更衣室から出てきた瞬間、周りの捜査官たちの視線が一斉に私に吸い寄せられるのが分かった。
黒のミニスカートにピンクのフリルが何重にも重なり、裾は太ももの半分も隠さない。
胸元はハート型の窓が開き、白いブラウスが透けて見えるほど薄い生地。
首には太い黒のチョーカー、両手首にはピンクのリストバンド。
黒髪はツインテールに結われ、先端にピンクのリボン。
厚底のプラットフォームブーツが、長い脚をさらに強調していた。
28歳の女がこんな格好を……
フリルがふわりと舞い、太ももの内側が一瞬だけ露わになる。
「……これで大丈夫ですか?」
私は平静を装って言った。
ノダ警部の目が、わずかに細くなる。
「……完璧だ。
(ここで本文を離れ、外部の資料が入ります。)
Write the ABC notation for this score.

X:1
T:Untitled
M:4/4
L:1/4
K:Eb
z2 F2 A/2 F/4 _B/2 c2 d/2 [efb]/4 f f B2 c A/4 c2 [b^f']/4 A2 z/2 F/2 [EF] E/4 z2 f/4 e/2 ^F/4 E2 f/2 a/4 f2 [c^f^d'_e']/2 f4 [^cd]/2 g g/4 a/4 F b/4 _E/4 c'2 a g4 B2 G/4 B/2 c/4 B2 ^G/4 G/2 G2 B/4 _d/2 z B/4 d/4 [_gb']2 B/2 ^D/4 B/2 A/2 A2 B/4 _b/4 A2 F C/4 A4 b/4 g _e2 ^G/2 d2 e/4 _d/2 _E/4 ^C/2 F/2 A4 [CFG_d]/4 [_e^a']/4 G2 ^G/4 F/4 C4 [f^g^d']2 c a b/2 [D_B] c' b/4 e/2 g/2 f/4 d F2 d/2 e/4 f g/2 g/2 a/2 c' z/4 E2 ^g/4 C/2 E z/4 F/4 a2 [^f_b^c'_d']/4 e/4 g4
むしろ、予想以上だな」
ノダの声に、どこか苛立ちが混じっている気がした。
私は無視して、任務の確認を続けた。
「今回は立ちんぼとして潜入。ターゲットは家出少女を狙う組織です。応援が遅れる可能性があると聞きましたが……」
「そうだ。少数精鋭だからな。万が一、犯人と『そういう状況』になっても、一人で動かず待機してくれ。証拠をしっかり押さえるためだ」
心臓が、少し速く鳴った。
潜入捜査は何度も経験している。でも、今回は……違う。
ノダ警部の目が、いつもより冷たく感じる。ポケットから小さな袋を取り出した。
二錠の薬。
「これを持っていけ。
一つはアフターピル。万が一の保険だ。もう一つは感覚を鈍らせる薬。不感症になるものだ。快感に飲まれて判断を誤らないように、という配慮だ」
私は袋を受け取り、じっと見つめた。
「……ありがとうございます。念のため、使わせていただきます」
不感症。
それは、任務中の私を守ってくれるはずのもの。でも、なぜか胸の奥に小さな不安が芽生えた。